FRANKFURT (Reuters) – Germany’s Allianz has agreed to pay about $6 billion and its U.S. asset management unit will plead guilty to fraud after a group of its multibillion investment funds collapsed amid market turmoil triggered by the coronavirus pandemic in 2020.
Here is timeline of key events in the saga, based on court documents, corporate disclosures, archived websites, public statements, and minutes of investor meetings:
Allianz’s U.S. asset management arm establishes the so-called Structured Alpha funds under manager Greg Tournant.

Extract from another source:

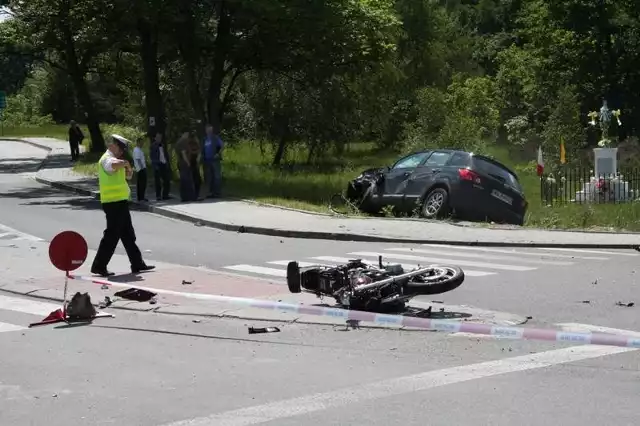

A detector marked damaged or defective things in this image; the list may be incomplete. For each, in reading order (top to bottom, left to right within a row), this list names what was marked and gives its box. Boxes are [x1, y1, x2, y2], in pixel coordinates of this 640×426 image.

damaged car [348, 149, 528, 225]
crashed motorcycle [286, 256, 464, 312]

Arkansas’ pension fund for retired teachers – which would later be the first to sue Allianz over its investments in the funds – owns $19.4 million in Allianz stock, its fourth-largest holding in a foreign company.
The Arkansas’ pension fund makes an initial investment in Allianz’s Structured Alpha funds.
Arkansas decides to build up its investment in the Allianz funds. The funds also attracted pension funds that served labourers in Alaska and subway workers in New York.
Marketing material describes the funds as “a tested & proven solution” and “consistently above target”. They are marketed as “a confident strategy with an insurance spirit”.
Arkansas’ Structured Alpha holdings reach a market value of $1.6 billion at the end of 2019, a significant portion of the $18.3 billion fund.
January – Global stock markets plunge amid fears of the spreading coronavirus.
Feb. 3 – Mohamed El-Erian, Chief Economic Advisor at Allianz, warns CNBC viewers not “to buy the dip” because the coronavirus crisis was without precedent.
March 13 – The investment consultant Aon warns Structured Alpha investors in a “flash report” that it put the Structured Alpha funds on review.
March 25 – Allianz announces the liquidation of two hard-hit funds. Investors are also told chief fund manager Tournant had been ill for weeks, according to lawsuits.
March 27 – Allianz says it remains committed to the fund franchise and “the remaining funds are now well positioned”, but Aon issues another report recommending a “sell”.
March 31 – One of the funds held by Arkansas loses 78% in the first quarter, compared to a 22% drop of its benchmark.
April 6 – The Arkansas fund’s board votes to exit the Allianz funds and park the proceeds with BlackRock.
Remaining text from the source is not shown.